Is a sentence of “time served” permissible?

A sentence of time served would appear to be permissible for a Class 3 misdemeanor because such a sentence imposes no additional punishment than the time already served before conviction; for an in-custody defendant, the sentence actually terminates confinement. Further, to accommodate this practice, North Carolina’s structured sentencing statutes contain an exception for time served for misdemeanors when an active punishment is not otherwise authorized, allowing imposition of a term of imprisonment “equal to or less than the total amount of time the offender has already spent committed to or in confinement . . . as a result of the charge that culminated in the sentence.” G.S. 15A-1340.20(c1).
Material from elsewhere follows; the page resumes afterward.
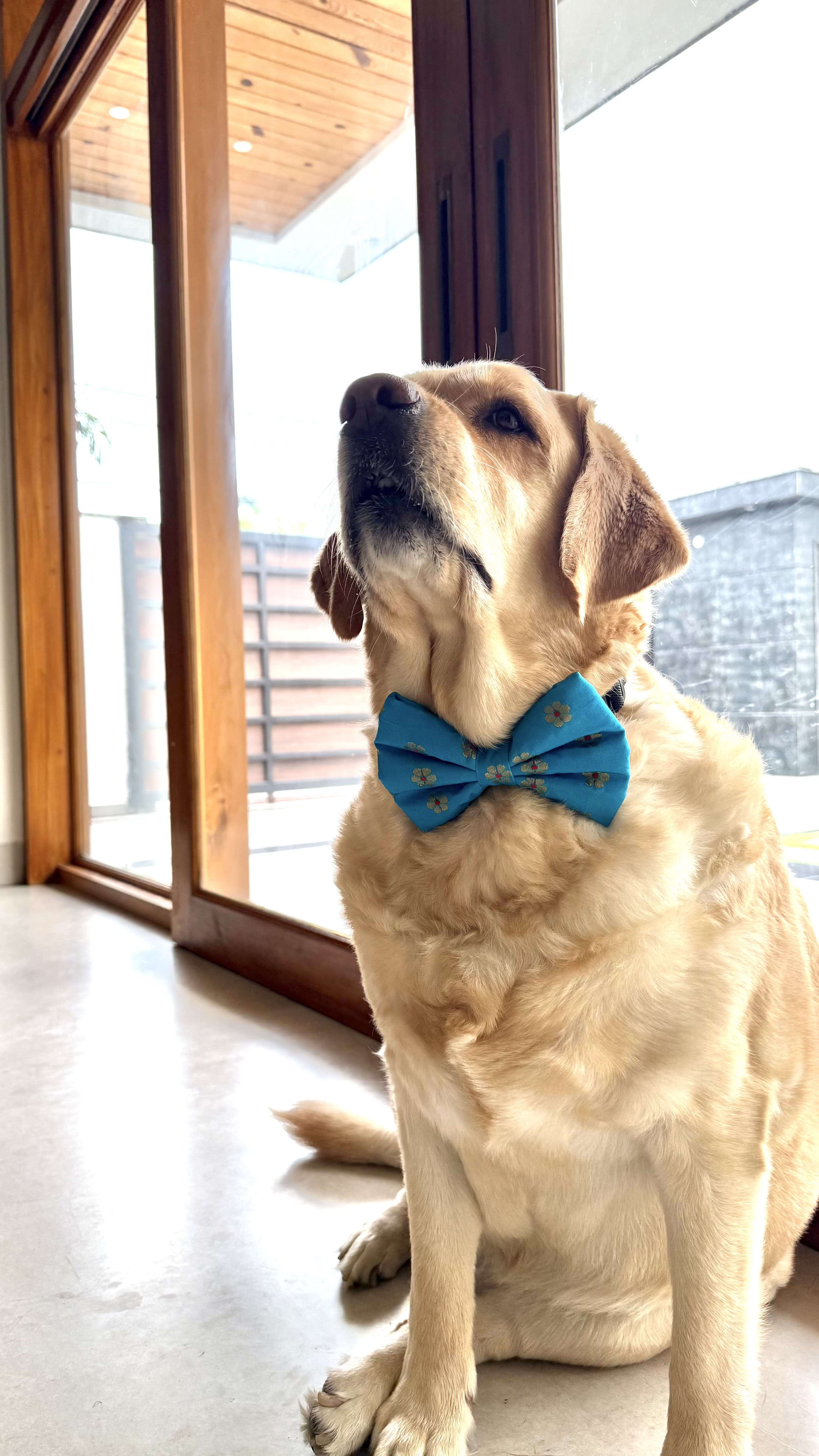 Utsav Bloom Bow tie  image 2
Whether the General Assembly intended to permit a sentence of time served, however, may depend on whether such a sentence is constitutionally permissible without affording counsel to the defendant. The General Assembly adopted the new punishment scheme for Class 3 misdemeanors to reduce counsel costs. If counsel is required when the court imposes a sentence of time served, the General Assembly may not have intended to allow such a sentence.
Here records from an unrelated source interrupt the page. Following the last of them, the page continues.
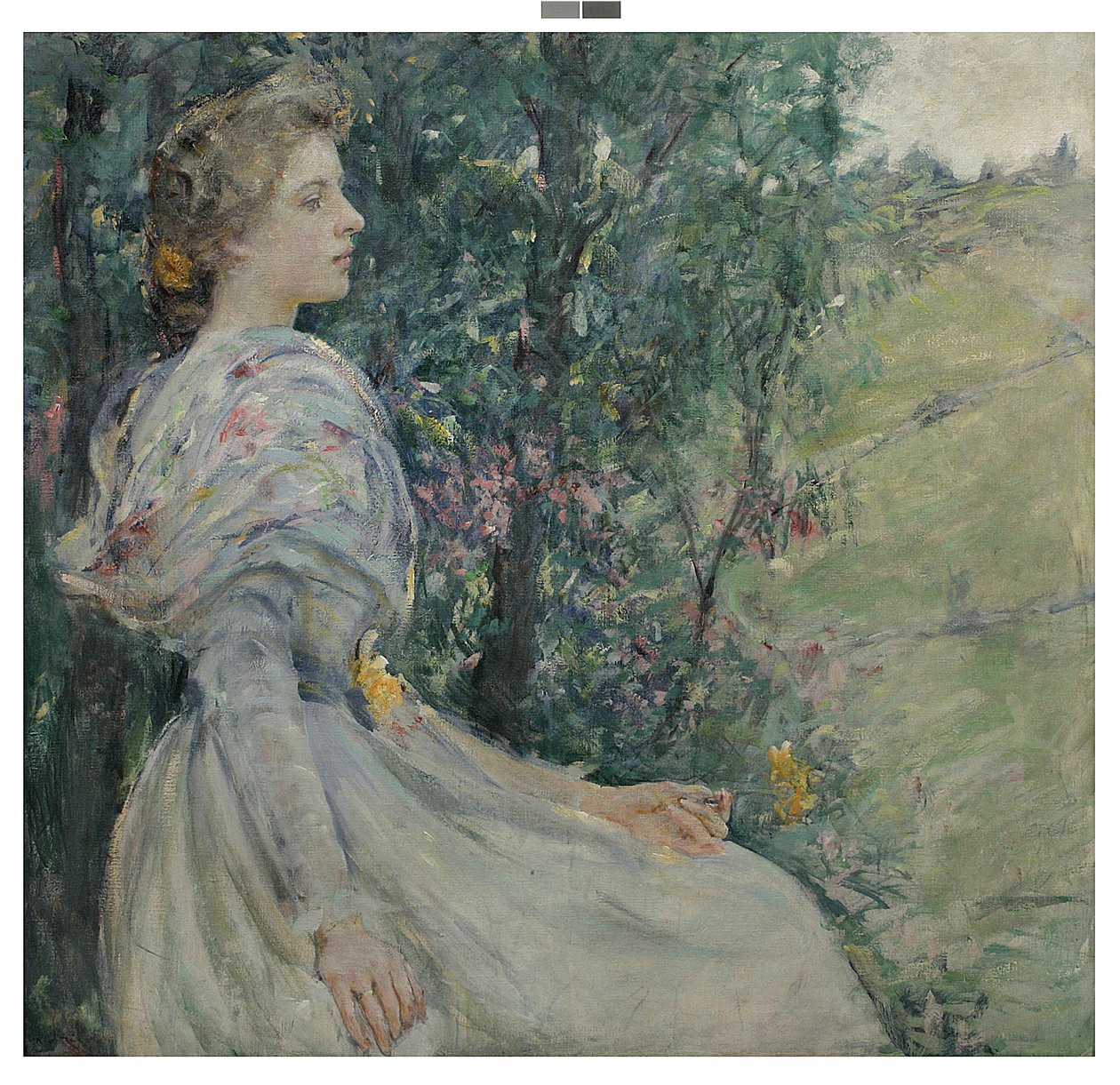 Narcisi da Robert Lewis Reid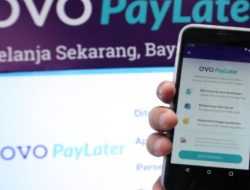 Begini Cara Daftar, Aktivasi hingga Menggunakan OVO Paylater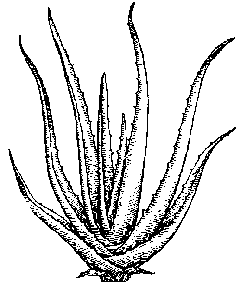 Aloe Drawing
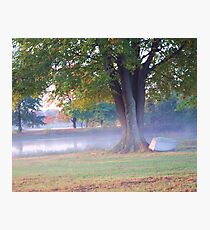 THE POND IN FOG Photographic Print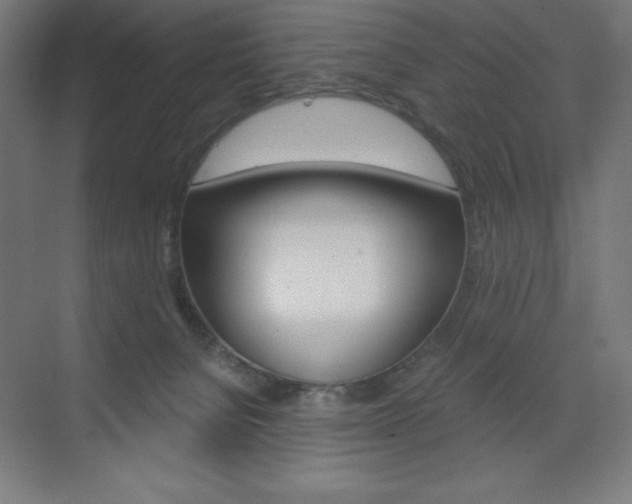 X0000073430080200607281016
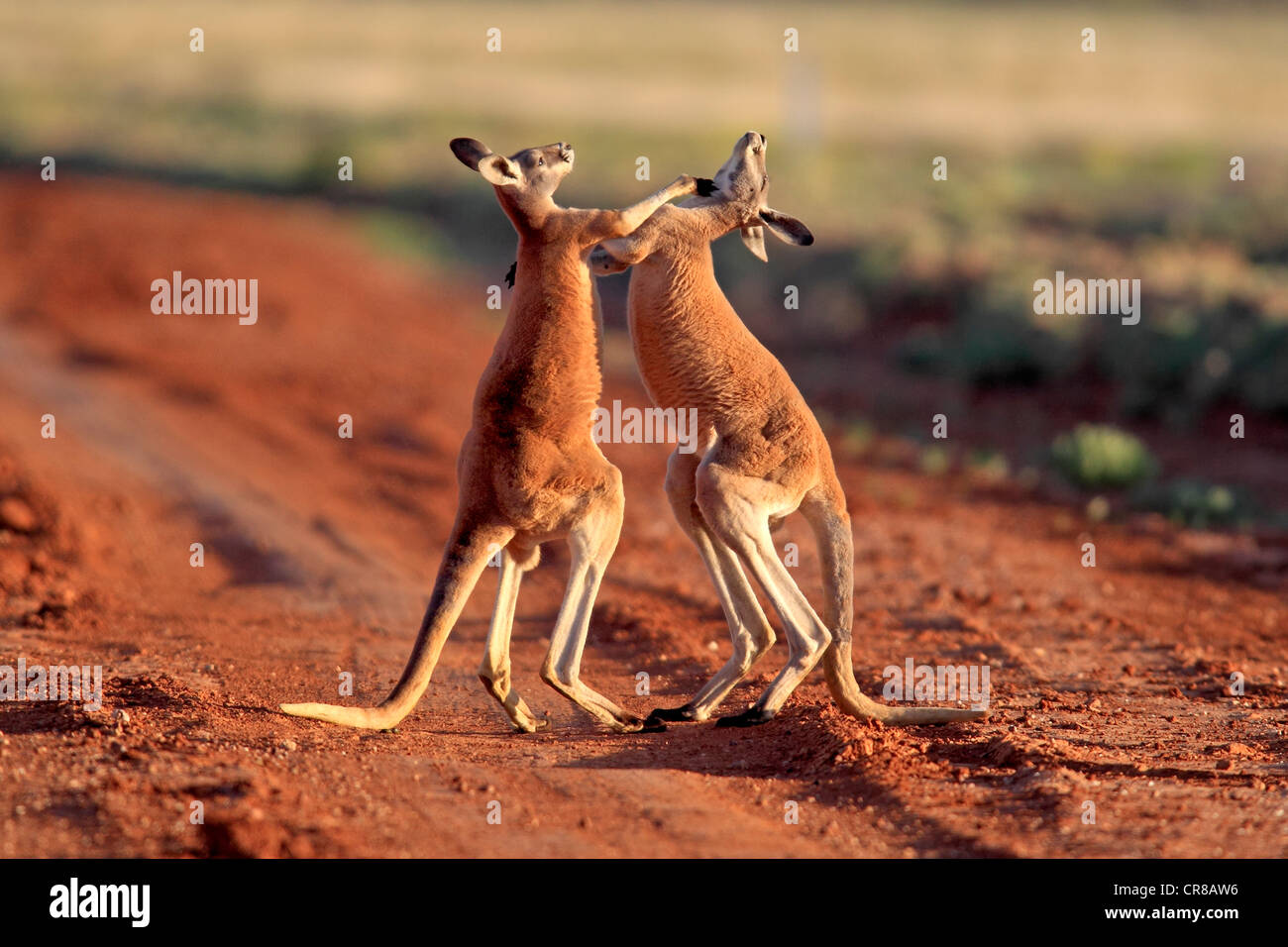Roter Känguruh (Macropus Rufus), männliche Erwachsene kämpfen, Tibooburra, Sturt Nationalpark, New South Wales, Australien Stockfoto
Some decisions have found that a sentence of time served does not trigger the right to counsel. The cases have arisen in the context of whether a court may enhance a sentence for a later offense based on an earlier misdemeanor conviction in which an unrepresented defendant received a sentence of time served. The decisions found that the earlier conviction did not violate the defendant’s right to counsel and could be used for enhancement purposes. The courts reasoned that a sentence of time served does not impose a term of imprisonment as a result of an uncounseled conviction; rather, the period of incarceration served by the defendant resulted from the defendant’s inability to post bond before trial. See Glaze v. South Carolina, 621 S.E.2d 655 (S.C. 2005); Nicholson v. State, 761 So. 2d 924 (Miss. Ct. App. 2000); see also State v. Dunning, 995 So. 2d 1162 (Fl. Ct. App. 2008) (following Glaze) [subsequent decisions interpreting Florida’s state constitution may have limited the holding in Dunning].

Some decisions have reached a contrary conclusion, refusing to enhance a later offense based on a prior uncounseled conviction imposing a sentence of time served. Those decisions refuse to distinguish between a sentence of imprisonment satisfied by credit for time already served and a sentence of imprisonment to be served following conviction. See State v. O’Neill, 746 N.E.2d 654 (Ohio Ct. App. 2000); United States v. Cook, 36 F.3d 1098 (6th Cir. 1994) (unpublished).
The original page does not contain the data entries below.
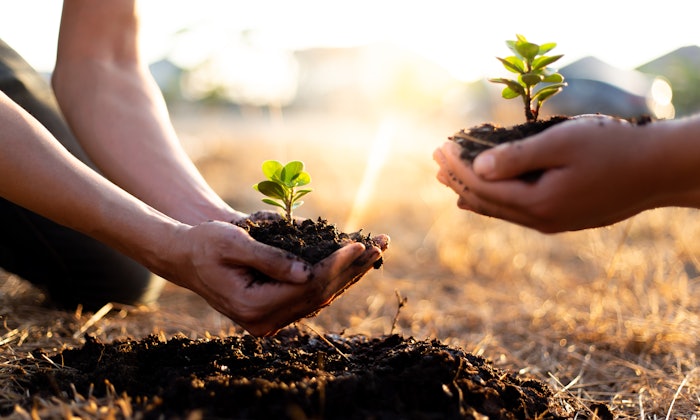 The newly planted trees in California will support biodiversity in areas where land may have been compromised.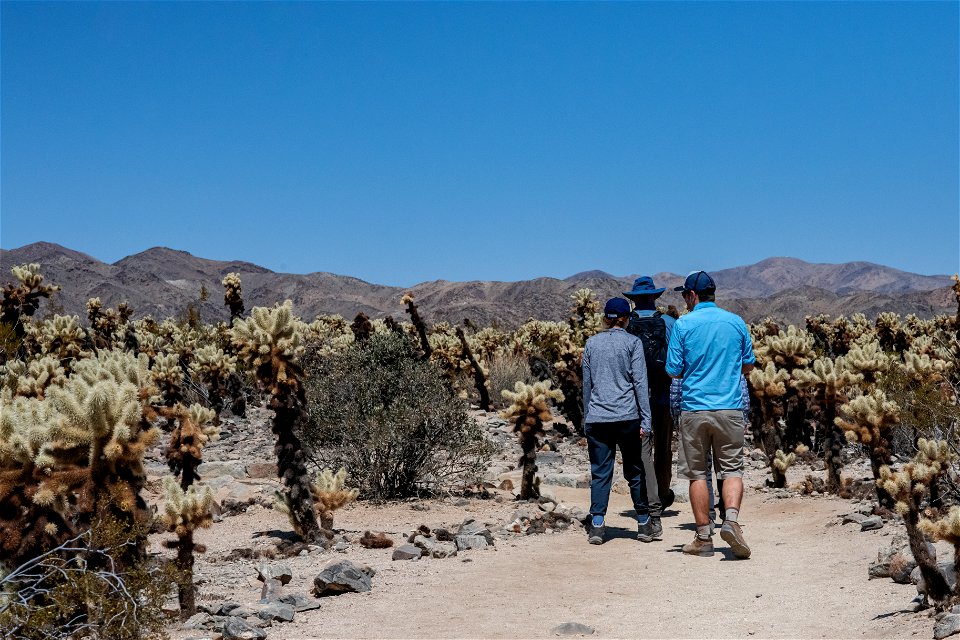 Cholla Cactus Garden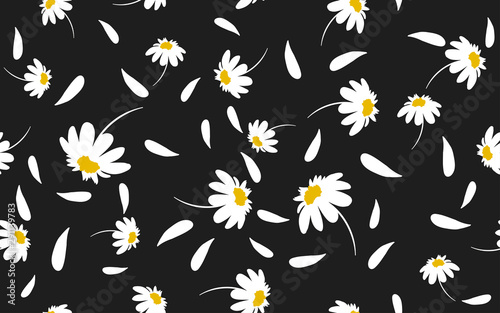 seamless pattern white daisies on a black background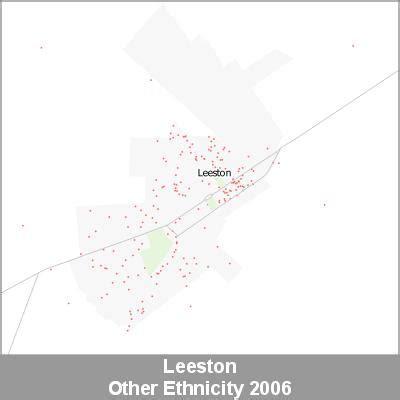 2020 Street Map Leeston - Digital Maps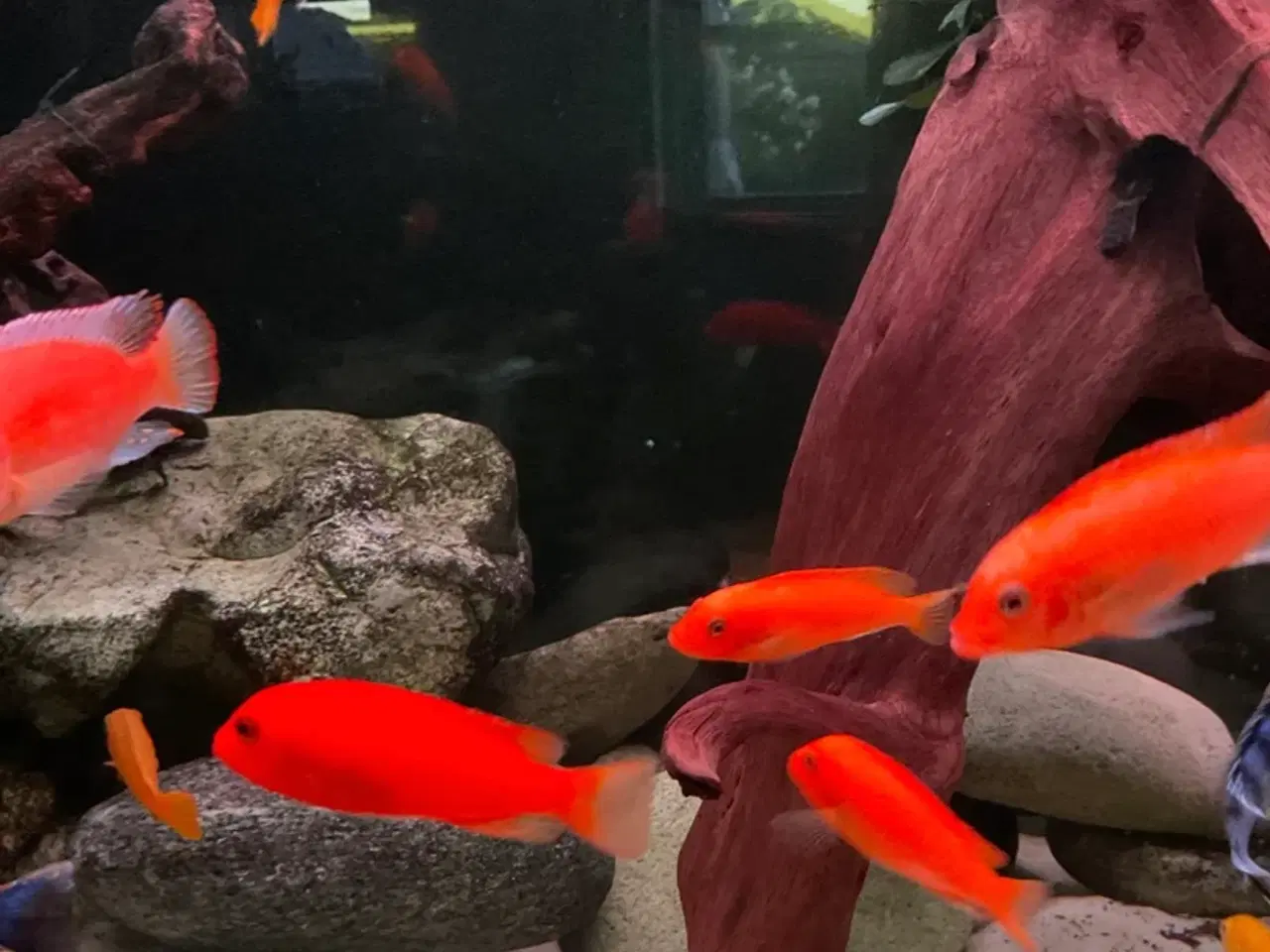 Billede 5 - Malawi super Red zebra utrolig smukke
A judge may avoid these constitutional issues by inquiring whether a defendant is willing to proceed without counsel and, if so, obtaining a waiver of counsel. A judge also could impose a nominal fine and enter judgment without using the term “time served.” Under either approach, a judge should advise an unrepresented defendant who is in custody that he or she is entitled to counsel if he or she does not enter a plea and remains in custody.